Problem description: Exactly retype the lines from the top of the data through the line containing "دستگاه تست نشتی", leaving out every picture.

Data provided:

☆ ☆ ☆ ☆ ☆

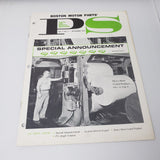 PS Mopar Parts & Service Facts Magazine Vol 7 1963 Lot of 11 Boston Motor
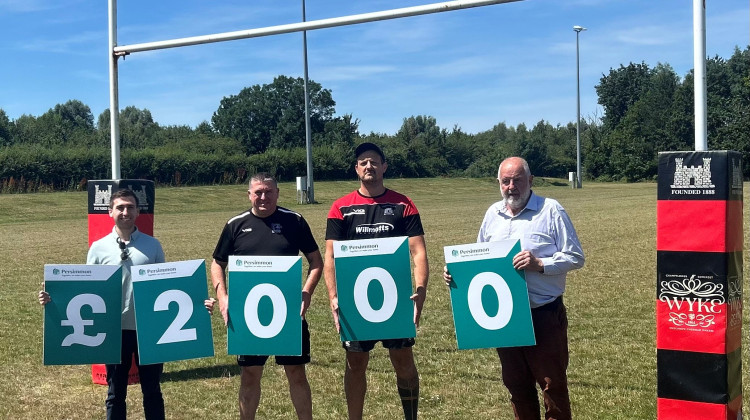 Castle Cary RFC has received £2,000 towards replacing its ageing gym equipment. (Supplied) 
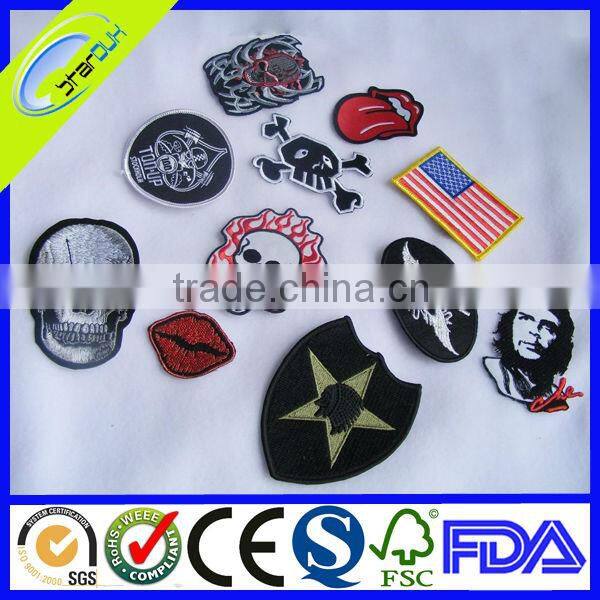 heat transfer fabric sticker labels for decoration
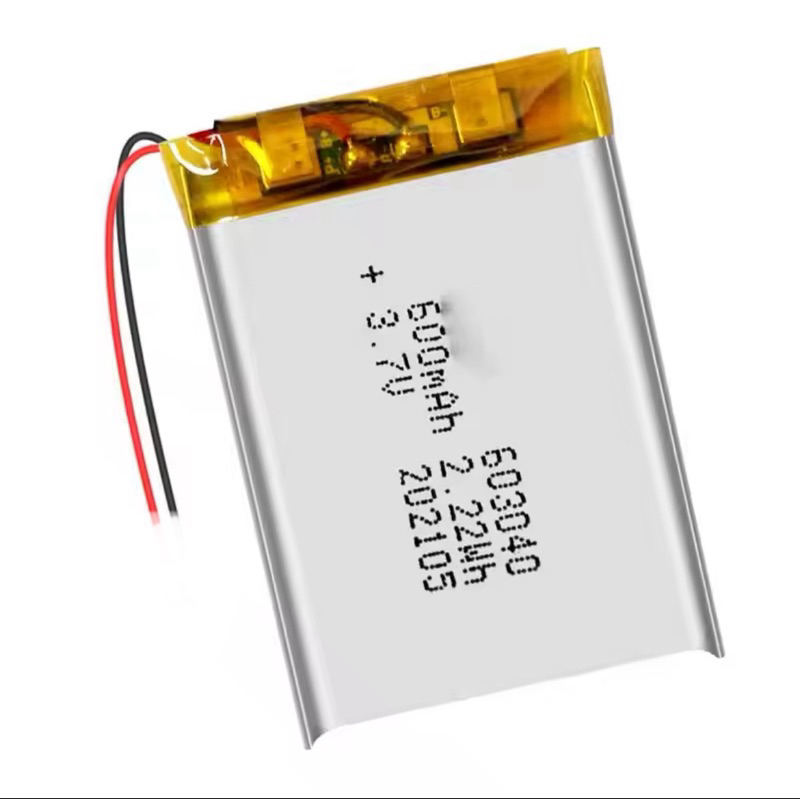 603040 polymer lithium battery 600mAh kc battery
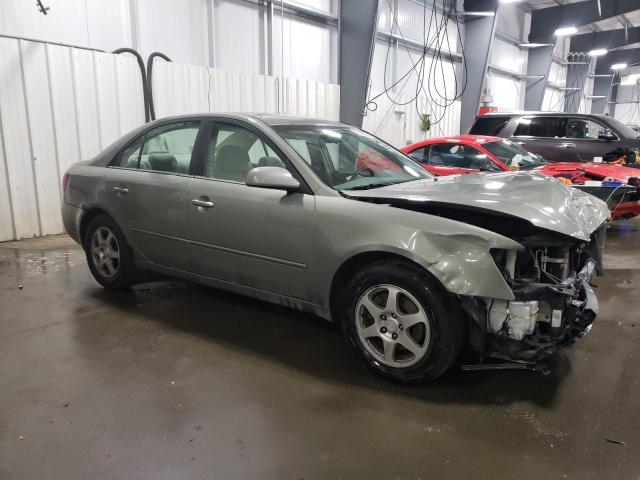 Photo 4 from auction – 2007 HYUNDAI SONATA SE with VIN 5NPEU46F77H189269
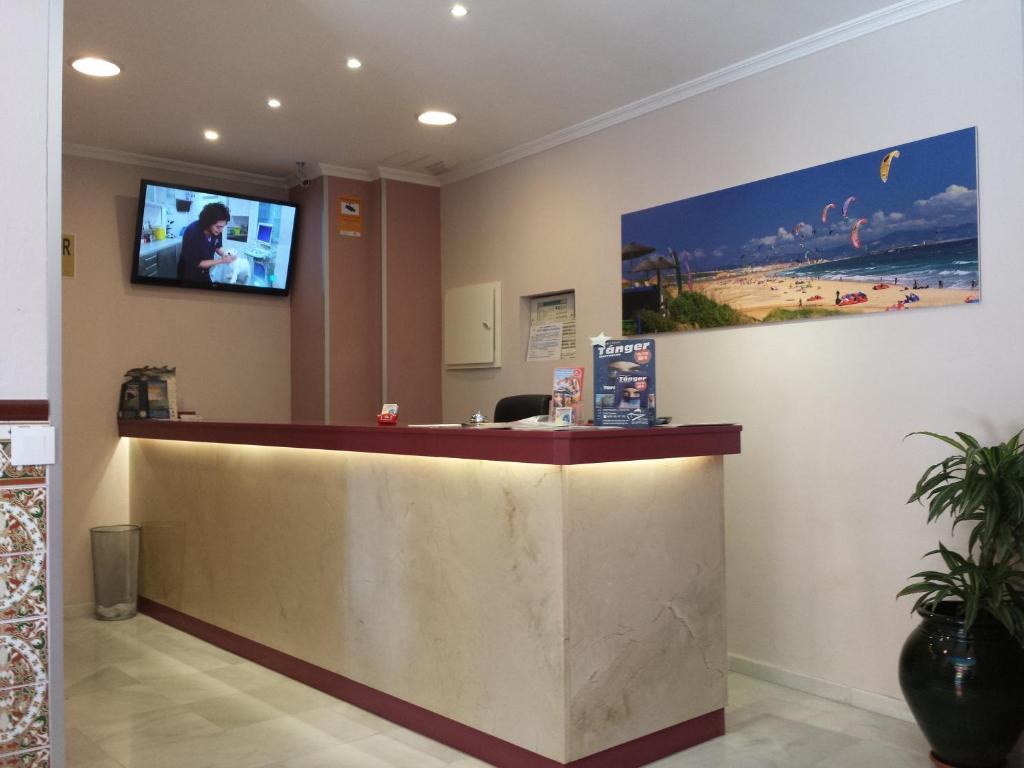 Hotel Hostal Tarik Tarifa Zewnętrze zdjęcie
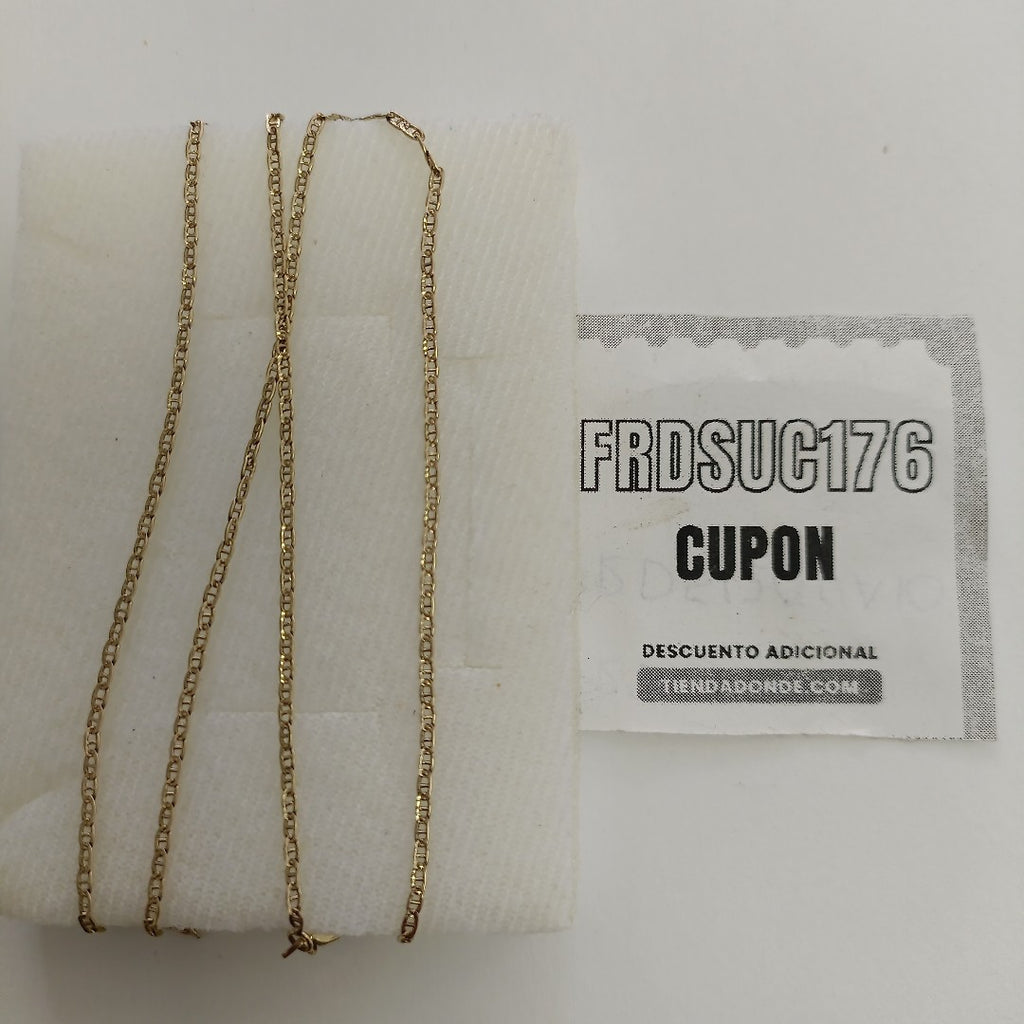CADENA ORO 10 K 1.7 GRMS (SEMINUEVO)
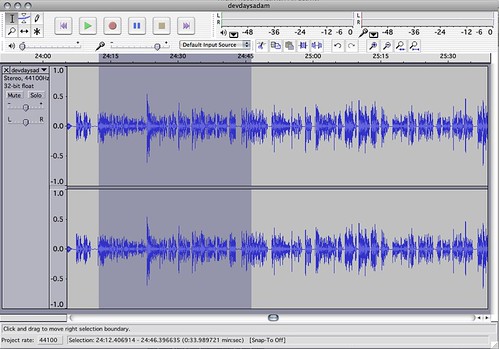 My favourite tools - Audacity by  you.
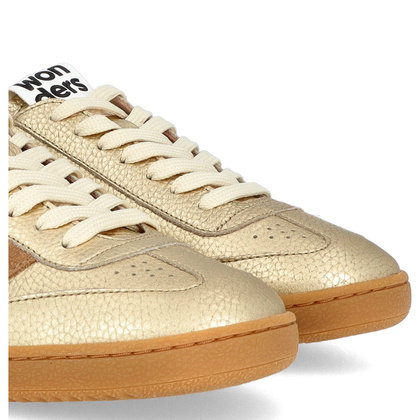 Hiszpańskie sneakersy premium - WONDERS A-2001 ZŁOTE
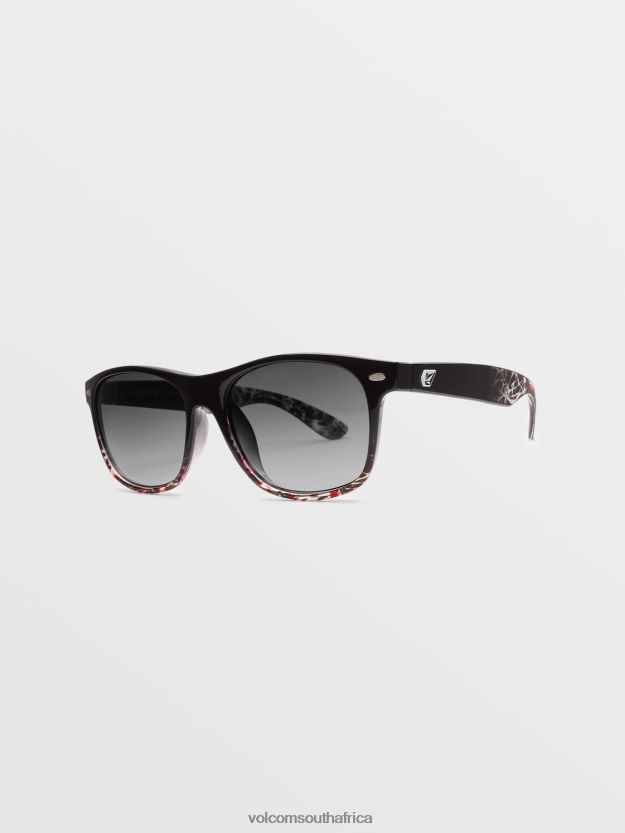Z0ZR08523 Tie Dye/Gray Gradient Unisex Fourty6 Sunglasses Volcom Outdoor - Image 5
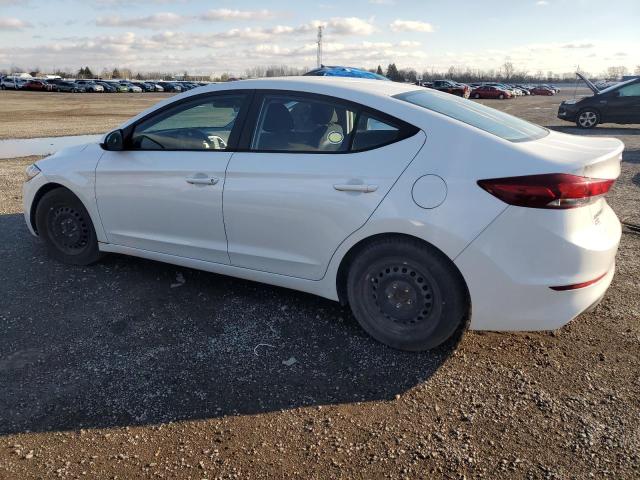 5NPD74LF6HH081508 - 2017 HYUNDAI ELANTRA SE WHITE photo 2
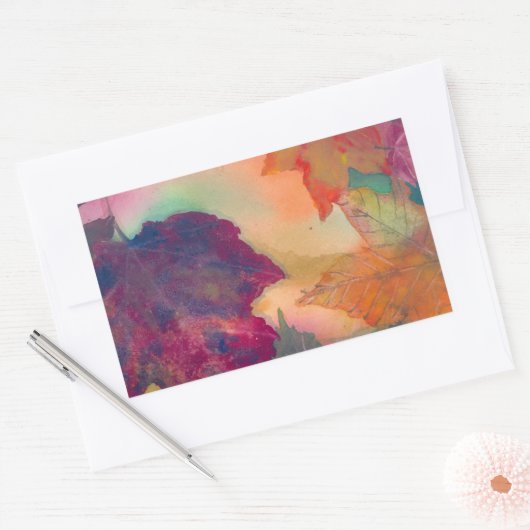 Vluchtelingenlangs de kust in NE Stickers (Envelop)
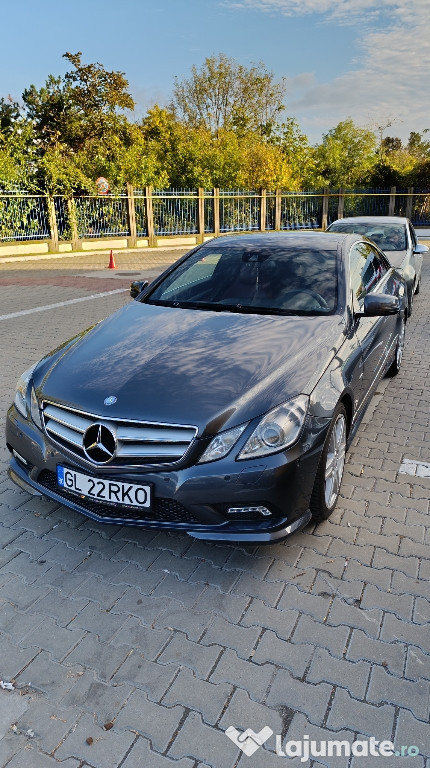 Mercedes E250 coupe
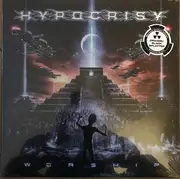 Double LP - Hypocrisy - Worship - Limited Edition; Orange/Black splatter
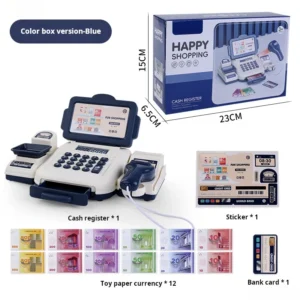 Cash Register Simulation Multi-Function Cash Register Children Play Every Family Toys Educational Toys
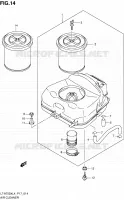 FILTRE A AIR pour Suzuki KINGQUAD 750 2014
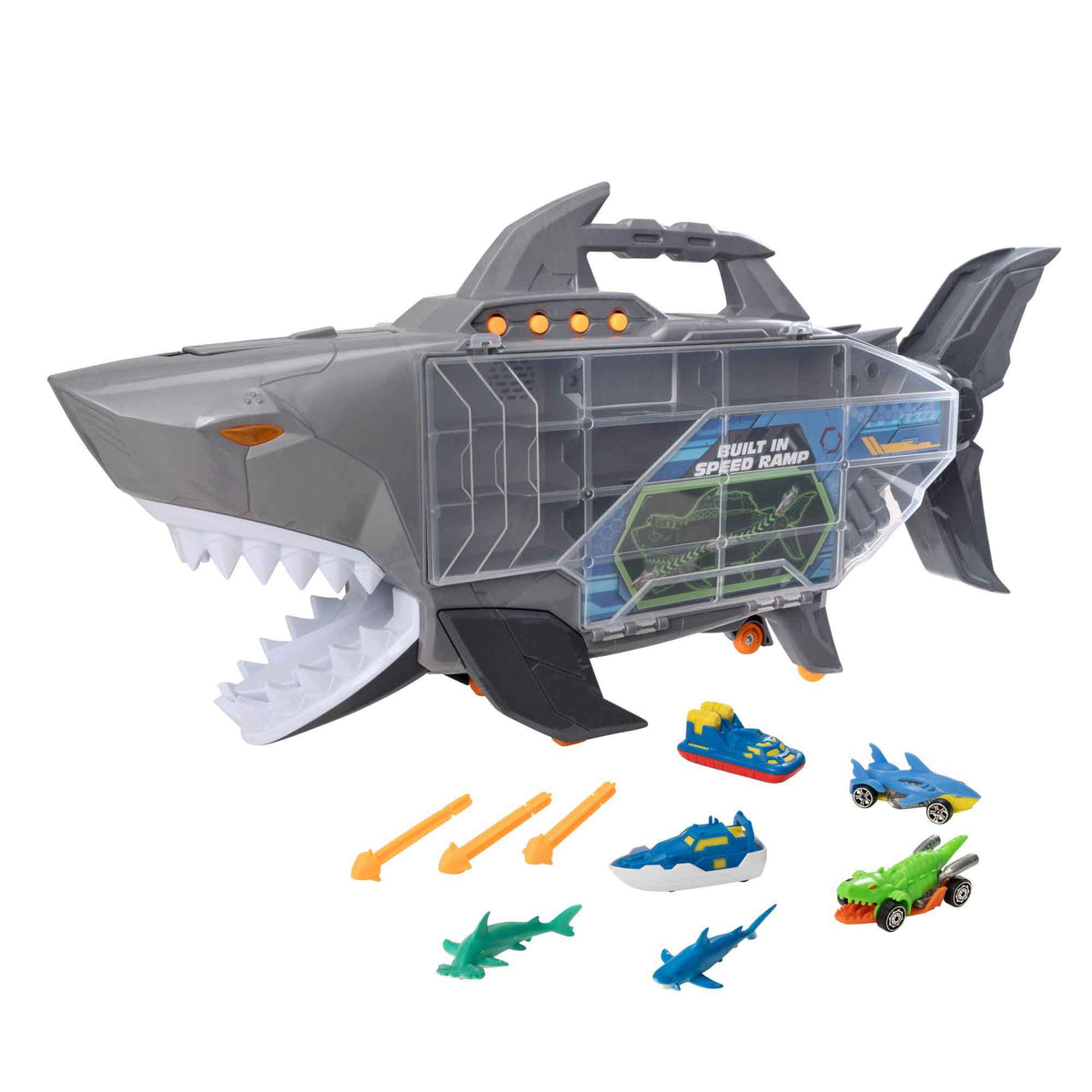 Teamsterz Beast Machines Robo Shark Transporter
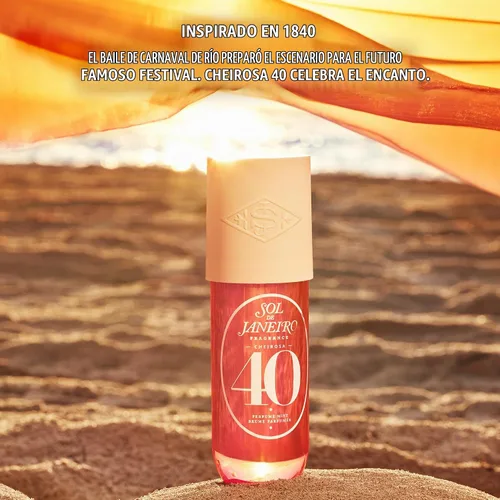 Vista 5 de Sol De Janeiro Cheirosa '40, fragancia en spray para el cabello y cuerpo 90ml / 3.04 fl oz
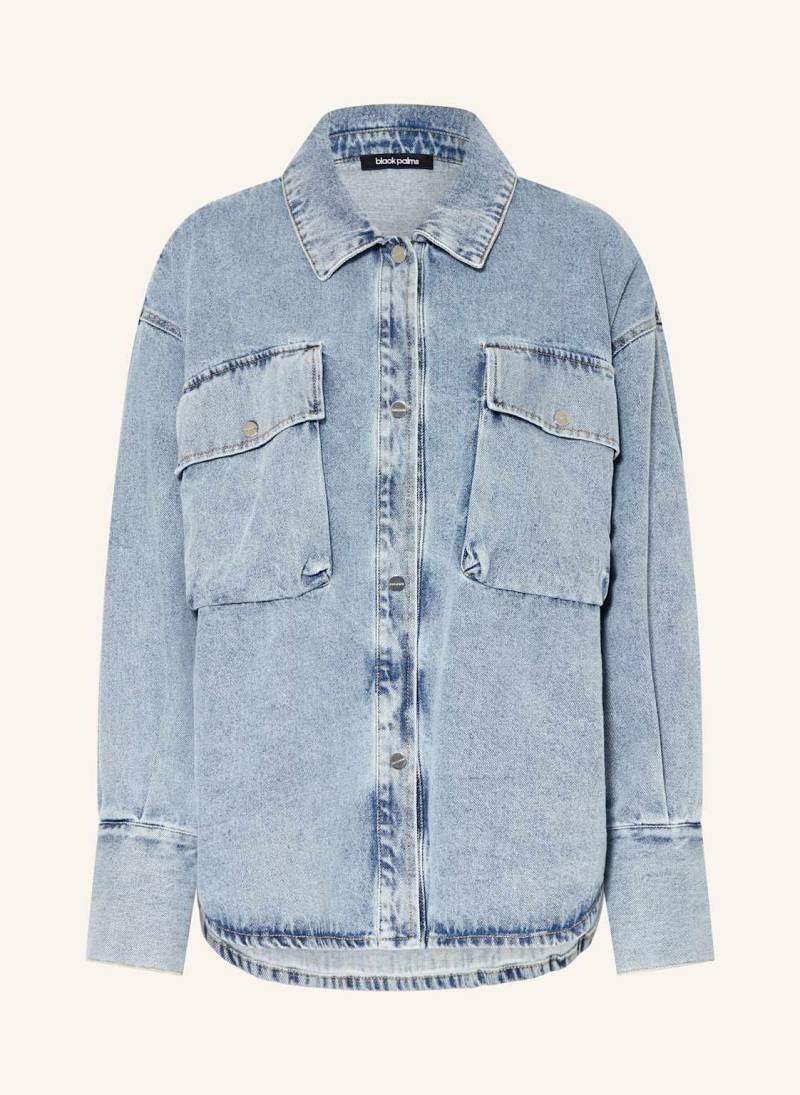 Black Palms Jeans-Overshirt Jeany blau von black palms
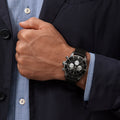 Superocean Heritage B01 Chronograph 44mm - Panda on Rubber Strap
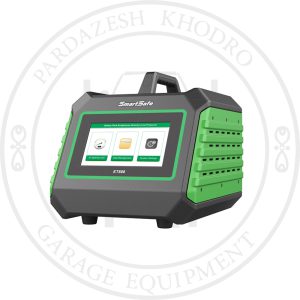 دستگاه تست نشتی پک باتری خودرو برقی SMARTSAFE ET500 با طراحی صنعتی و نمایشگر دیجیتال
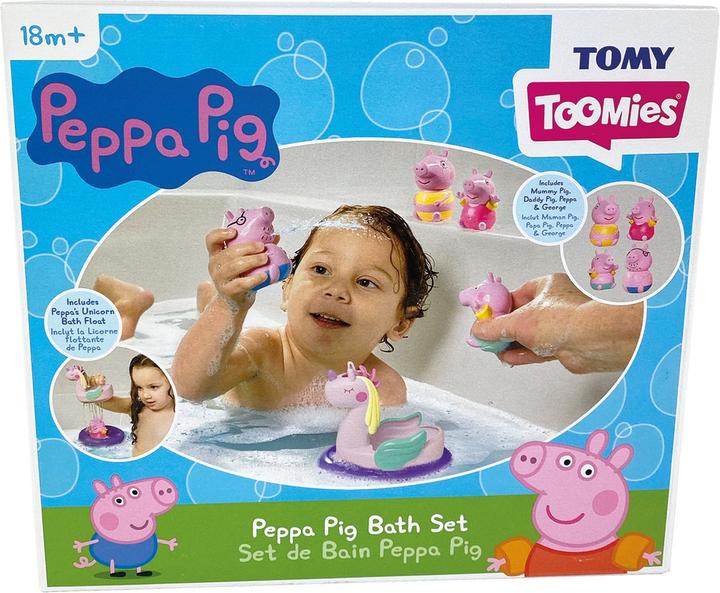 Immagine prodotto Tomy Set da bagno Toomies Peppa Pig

☆ ☆ ☆ ☆ ☆

Task result:
 PS Mopar Parts & Service Facts Magazine Vol 7 1963 Lot of 11 Boston Motor
 Castle Cary RFC has received £2,000 towards replacing its ageing gym equipment. (Supplied) 
 heat transfer fabric sticker labels for decoration
 603040 polymer lithium battery 600mAh kc battery
 Photo 4 from auction – 2007 HYUNDAI SONATA SE with VIN 5NPEU46F77H189269
 Hotel Hostal Tarik Tarifa Zewnętrze zdjęcie
CADENA ORO 10 K 1.7 GRMS (SEMINUEVO)
 My favourite tools - Audacity by  you.
 Hiszpańskie sneakersy premium - WONDERS A-2001 ZŁOTE
Z0ZR08523 Tie Dye/Gray Gradient Unisex Fourty6 Sunglasses Volcom Outdoor - Image 5
 5NPD74LF6HH081508 - 2017 HYUNDAI ELANTRA SE WHITE photo 2
 Vluchtelingenlangs de kust in NE Stickers (Envelop)
 Mercedes E250 coupe
 Double LP - Hypocrisy - Worship - Limited Edition; Orange/Black splatter
 Cash Register Simulation Multi-Function Cash Register Children Play Every Family Toys Educational Toys
 FILTRE A AIR pour Suzuki KINGQUAD 750 2014
 Teamsterz Beast Machines Robo Shark Transporter
 Vista 5 de Sol De Janeiro Cheirosa '40, fragancia en spray para el cabello y cuerpo 90ml / 3.04 fl oz
 Black Palms Jeans-Overshirt Jeany blau von black palms
 Superocean Heritage B01 Chronograph 44mm - Panda on Rubber Strap
 دستگاه تست نشتی پک باتری خودرو برقی SMARTSAFE ET500 با طراحی صنعتی و نمایشگر دیجیتال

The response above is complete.